Notably, in Figure 15, the volume of hydraulic fractures is measured based on the cumulative volume from three wells. Assuming each well has an injection rate of 60 L/min (equivalent to 0.06 m3), the combined injection rate for all three wells would be 0.18 m3. According to this rate, the theoretical volume of fluid injected after 60 s would be 0.18 m3. However, Figure 11 illustrates that at the 60 s mark, the observed fracture volume is approximately 0.12 m3. This discrepancy can be attributed to partial fluid loss, estimated at around 0.06 m3 at the 60 s interval. Therefore, taking into account the effect of fluid loss, the actual volume within the fractures is less than the theoretical value.
The following observations can be made from the changes in the fracture growth morphology and fracture volume with time under different vertical ground stresses in Cases 1 and 2: When the vertical ground stress is low, as in Case 1, in the initial phase, the natural fractures significantly influence the expansion of the hydraulic fractures. The hydraulic fracture closest to the natural fracture experiences a faster expansion, gradually approaching the natural fracture, and the natural fracture is opened after intersecting with the natural fracture. When the vertical ground stress of the reservoir is high, as in Case 2, the main factor controlling the hydraulic fracture propagation is the vertical ground stress of the reservoir. The hydraulic fracture of the injection well located in the middle expands at a higher rate, gradually reaching the natural fracture and eventually passing through it once they have merged.
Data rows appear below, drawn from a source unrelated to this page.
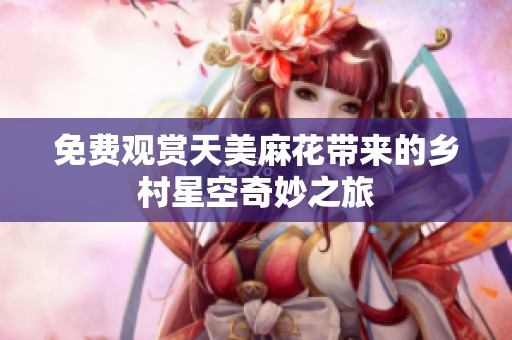 免费观赏天美麻花带来的乡村星空奇妙之旅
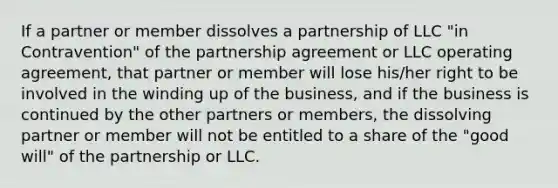 If a partner or member dissolves a partnership of LLC "in Contravention" of the partnership agreement or LLC operating agreement, that partner or member will lose his/her right to be involved in the winding up of the business, and if the business is continued by the other partners or members, the dissolving partner or member will not be entitled to a share of the "good will" of the partnership or LLC.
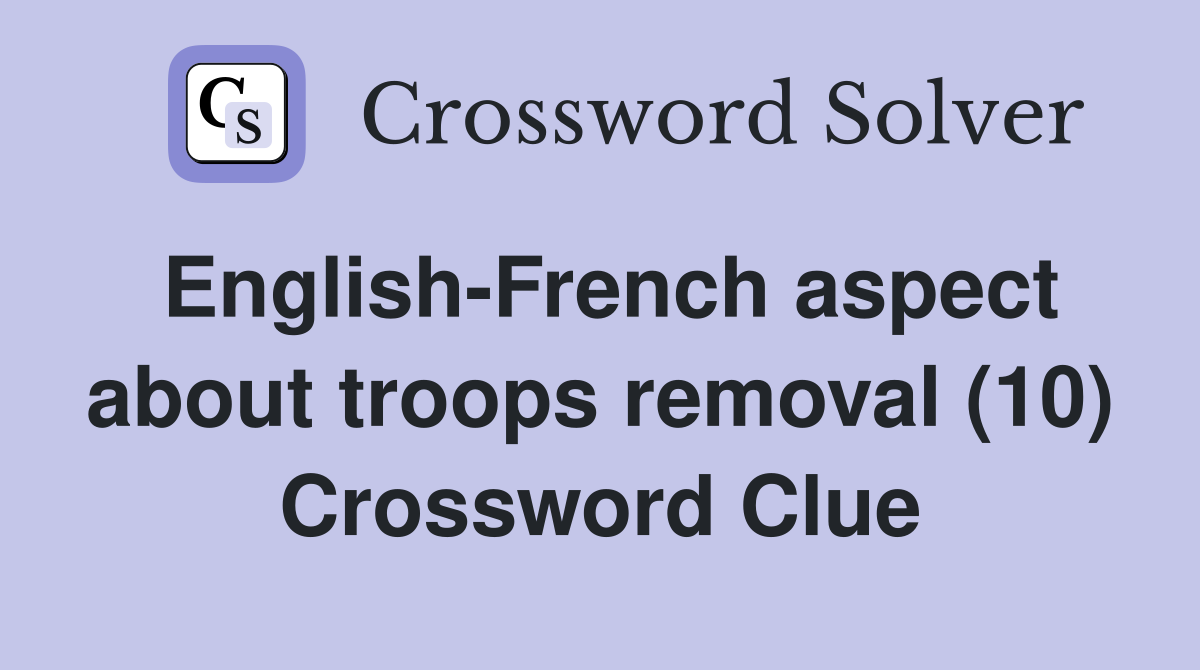 English-French aspect about troops removal (10) Crossword Clue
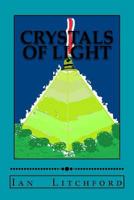 Crystals of Light 1515111709 Book Cover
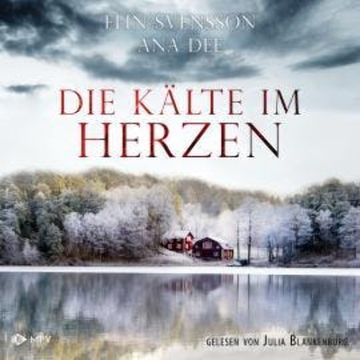Die Kälte im Herzen - Schweden-Krimi (Bergström & Viklund), Band 3 (ungekürzt) audiobook, Ana Dee, Elin Svensson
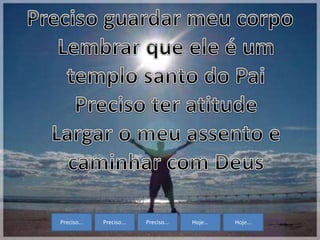 Preciso... Preciso... Preciso... Hoje... Hoje...
 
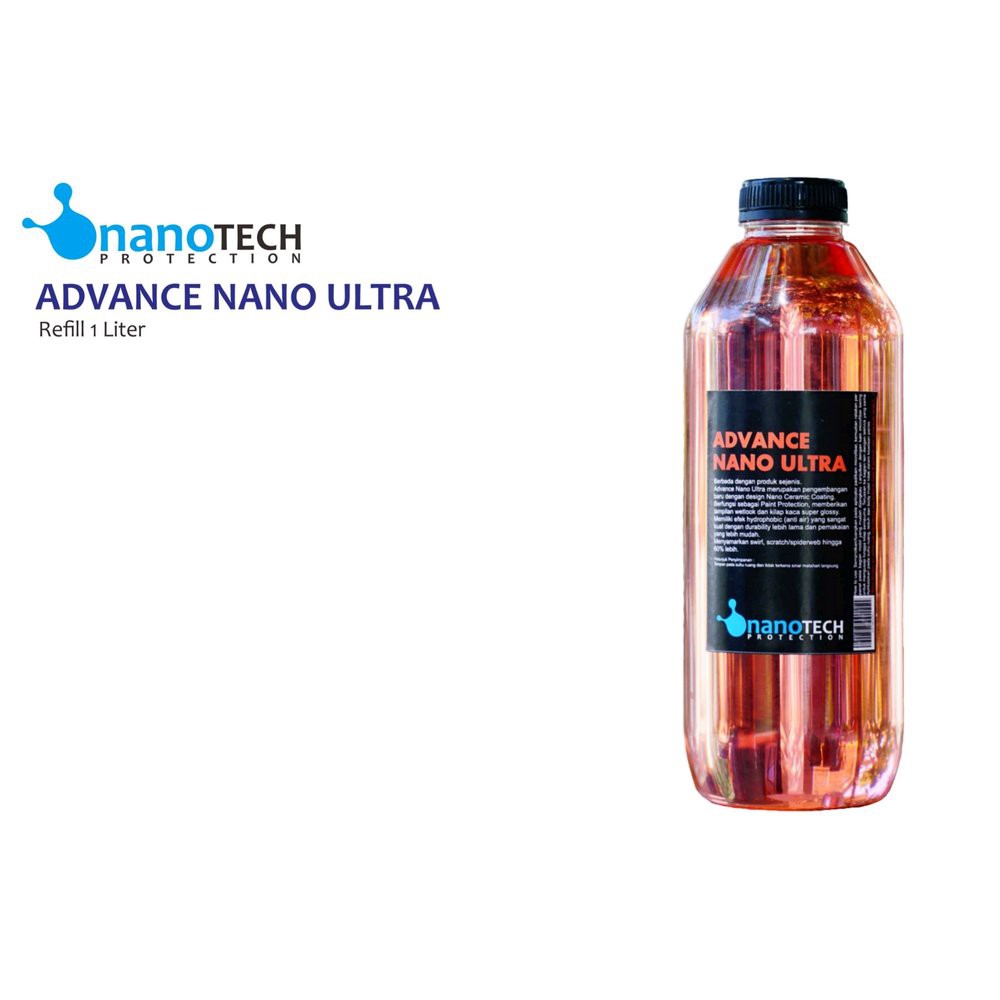 Advance Nano Ultra refill 1 Liter Nanotech Protection Pengkilap Mobil Motor Nano Ceramic Coating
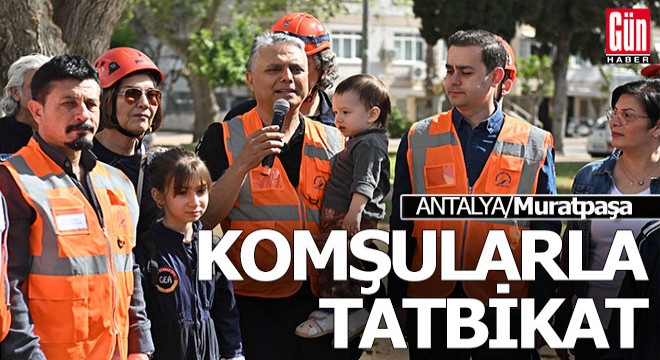 Muratpaşa'da afet tahliye tatbikatı başarıyla sonuçlandı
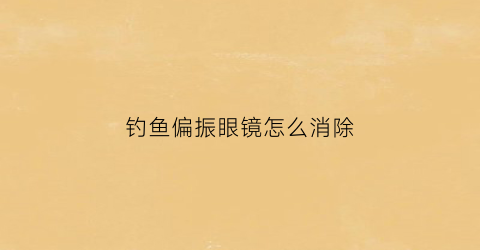 钓鱼偏振眼镜怎么消除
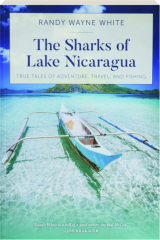 THE SHARKS OF LAKE NICARAGUA: True Tales of Adventure, Travel, and Fishing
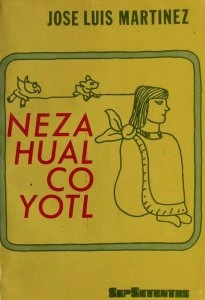 Nezahualcoyotl : textos coleccionados con un estudio preliminar de José Luis Martínez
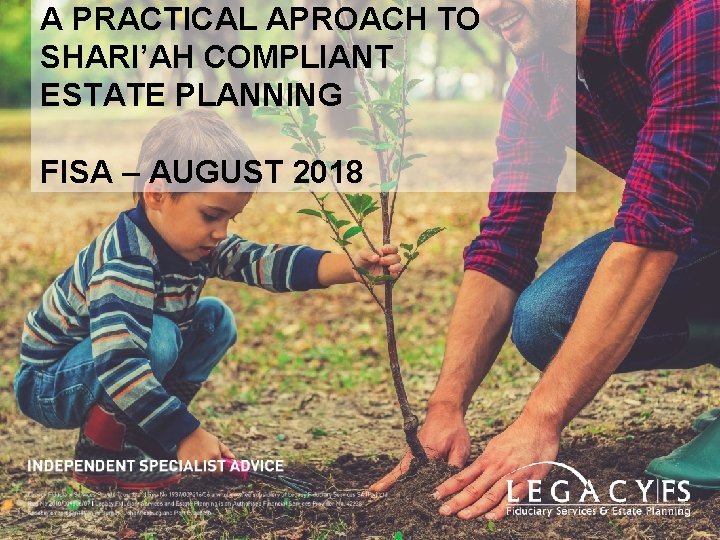 A PRACTICAL APROACH TO SHARI’AH COMPLIANT ESTATE PLANNING FISA – AUGUST 2018 HOLISTIC ESTATE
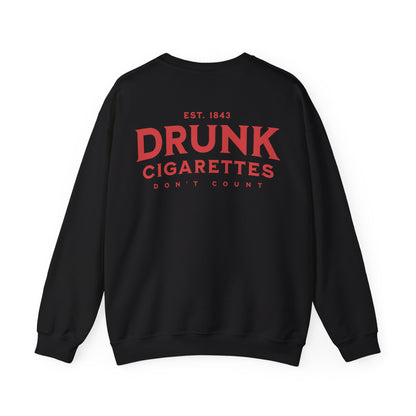 Drunk Cigs Sweatshirt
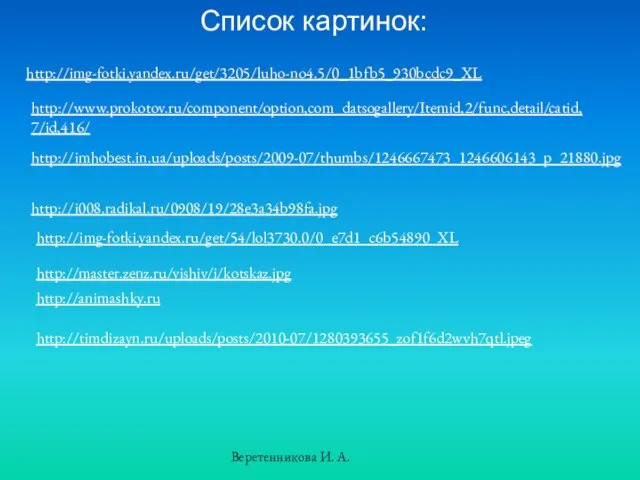 Список картинок: http://img-fotki.yandex.ru/get/3205/luho-no4.5/0_1bfb5_930bcdc9_XL http://www.prokotov.ru/component/option,com_datsogallery/Itemid,2/func,detail/catid,7/id,416/ http://imhobest.in.ua/uploads/posts/2009-07/thumbs/1246667473_1246606143_p_21880.jpg http://i008.radikal.ru/0908/19/28e3a34b98fa.jpg http://img-fotki.yandex.ru/get/54/lol3730.0/0_e7d1_c6b54890_XL http://master.zenz.ru/vishiv/i/kotskaz.jpg http://animashky.ru http://timdizayn.ru/uploads/posts/2010-07/1280393655_zof1f6d2wvh7qtl.jpeg Веретенникова И. А.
4.2.2. Effect of the Difference in the Horizontal Ground Stress

To study the effect of the horizontal ground stress on fracture propagation, the difference in the horizontal ground stress was varied from 2 MPa in Case 1 to 5 MPa in Case 3, while the other parameters were kept unchanged.
Figure 17 shows the fracture shape in Case 3, in which the horizontal ground stress difference is 5 MPa when t = 111 s and t = 140 s. In this case, the hydraulic fracture in Well 3 interacts with the natural fracture at t = 111 s and expands upward by passing through the natural fracture after encountering it, rather than propagating along the natural fracture as in Case 1. The hydraulic fracture in Well 2 propagates downward due to fracture interference. Fracture interference causes the expansion of fractures in Well 1 toward the direction of the maximum horizontal ground stress.
Figure 18 shows the pressure at the bottom hole of Well 3 and the hydraulic fracture area of all the wells in Case 3. Compared with Case 1, the area of the fracture observed in Case 3 continues to steadily increase around t = 90 s, whereas it rapidly increases at this time in Case 1. The pressure change in Well 3 in Case 3 is not significant compared with that in Case 1 at t = 90 s. This is because the natural fracture has not been clearly opened. This phenomenon is in accordance with the fracture shape shown in Figure 18.
When the difference in the horizontal ground stress changes from 2 MPa to 5 MPa, the fracture propagation is dominated by the vertical ground stress of the reservoir, and after the hydraulic fractures intersect with the natural fractures, they expand upward and cross through the natural fractures. Simultaneously, the hydraulic fractures in the adjacent intermediate injection wells spread downward due to the fracture interference.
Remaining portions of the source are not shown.